I read in my book a chain map q is a kernel of p iff each q(n) is a kernel of p(n). I think there's something wrong with this, it has to do with domain and codomain. Instead of using chain complexes I will give an example of a functor category where I think there's something wrong (after all, chain maps are like natural transformations).
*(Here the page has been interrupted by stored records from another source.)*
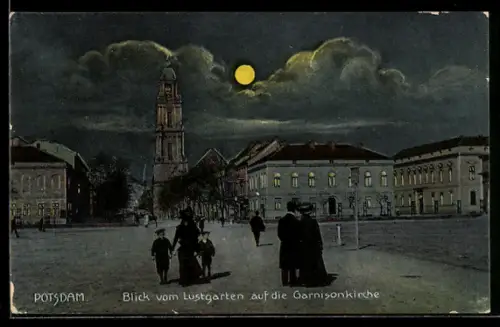 AK Potsdam, Blick vom Lustgarten auf die Garnisonskirche bei Nacht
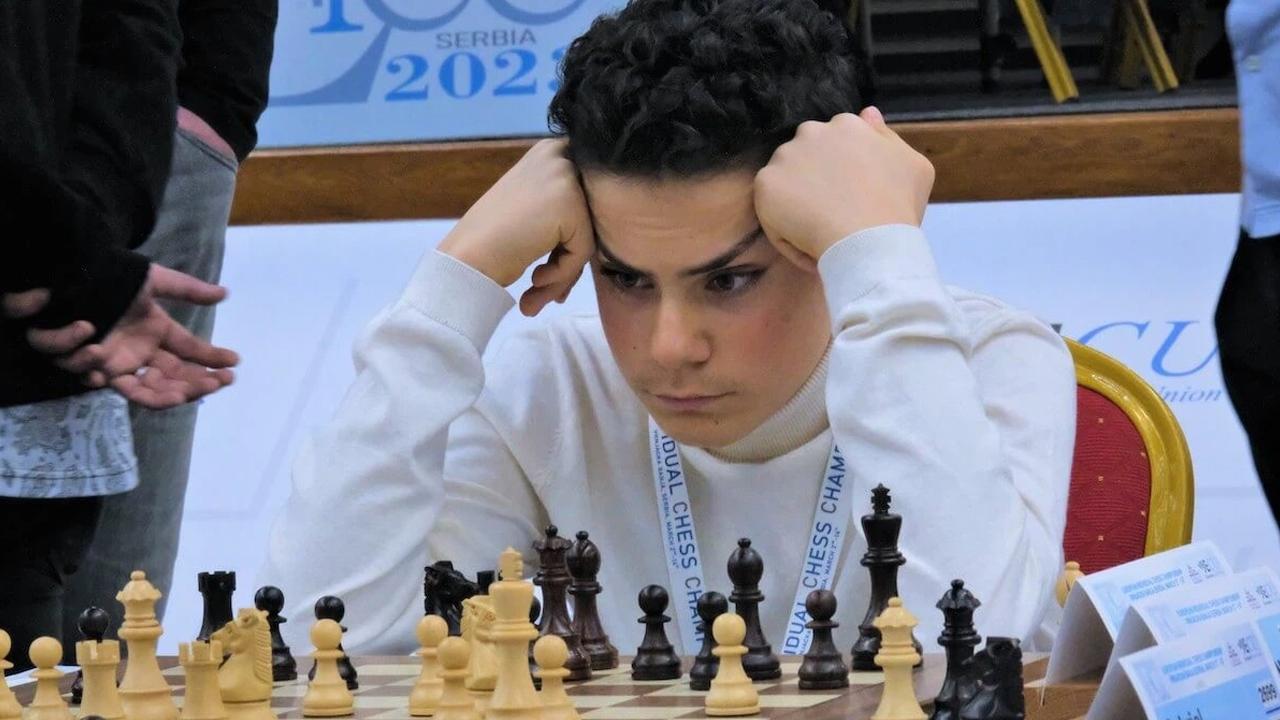 15 岁的国际象棋大师 Ediz Gürel 是谁？ - 新造型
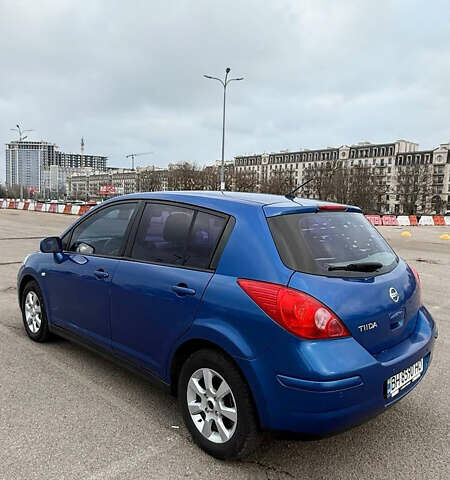 Синий Ниссан Тиида, объемом двигателя 1.6 л и пробегом 243 тыс. км за 5800 $, фото 5 на Automoto.ua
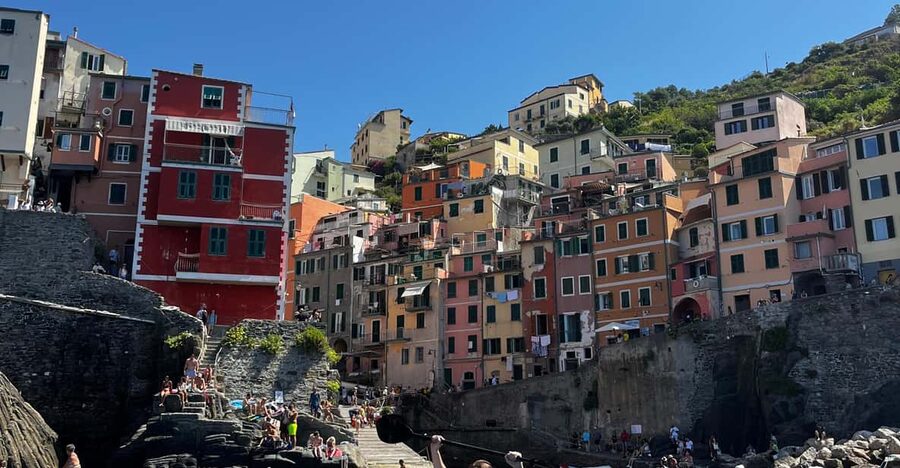 SHARK CAVE KAYAK TOUR - Meeting in Riomaggiore: Find Captain Davide, Then Get Ready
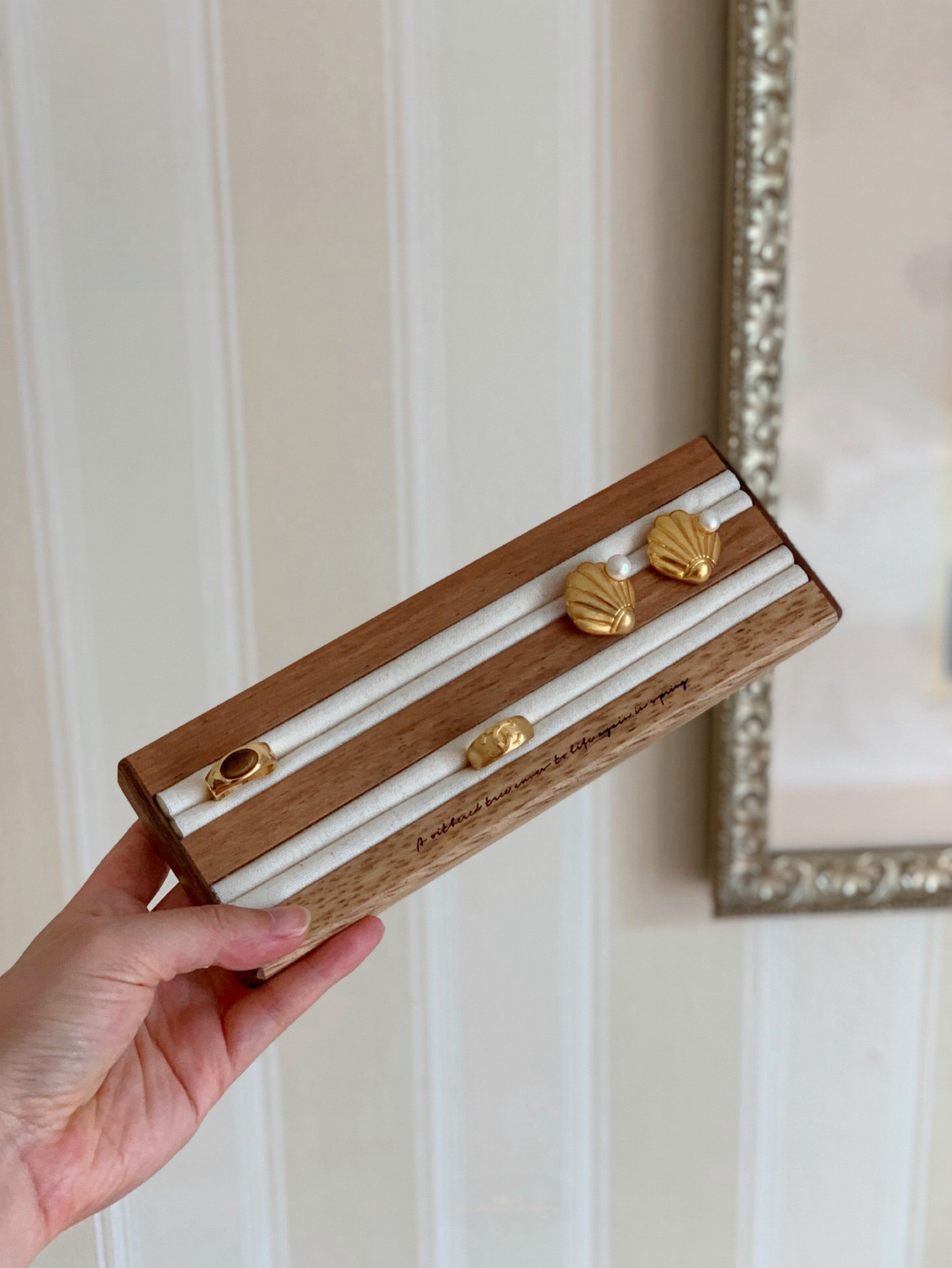 INNIHOME | Sculptural Oak and Walnut Ring & Earring Display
Take J to be the category with 2 objects and 1 non identity between them, and Ab be the abelian groups, so every functor J->Ab is like an arrow in Ab, so I'm just gonna call the functors arrows in Ab. Now let f1 be the 0 arrow Z->Z, where Z is the integers, and f2 be the 0 arrow R->R, R the real numbers. Then define the two components of a natural transformation q: f1->f2 to be the inclusion Z->R, this is clearly natural. Next let g1 be the identity R->R, and g2 be the identity R/Z->R/Z, and define the two components of a natural transformation p:g1->g2 to be the projection onto quotient. Clearly q1 is a kernel of p1 and the same for q2,p2, but the codomain of q is f2 the 0 arrow R->R not the identity R->R (the domain of p), so q can't possibly be a kernel of p. I fiddled around a bit and think that if we assume to codomain of q to equal the domain of p, then it works out. I think natural transformations are not just determined by their components; domain and range also matter.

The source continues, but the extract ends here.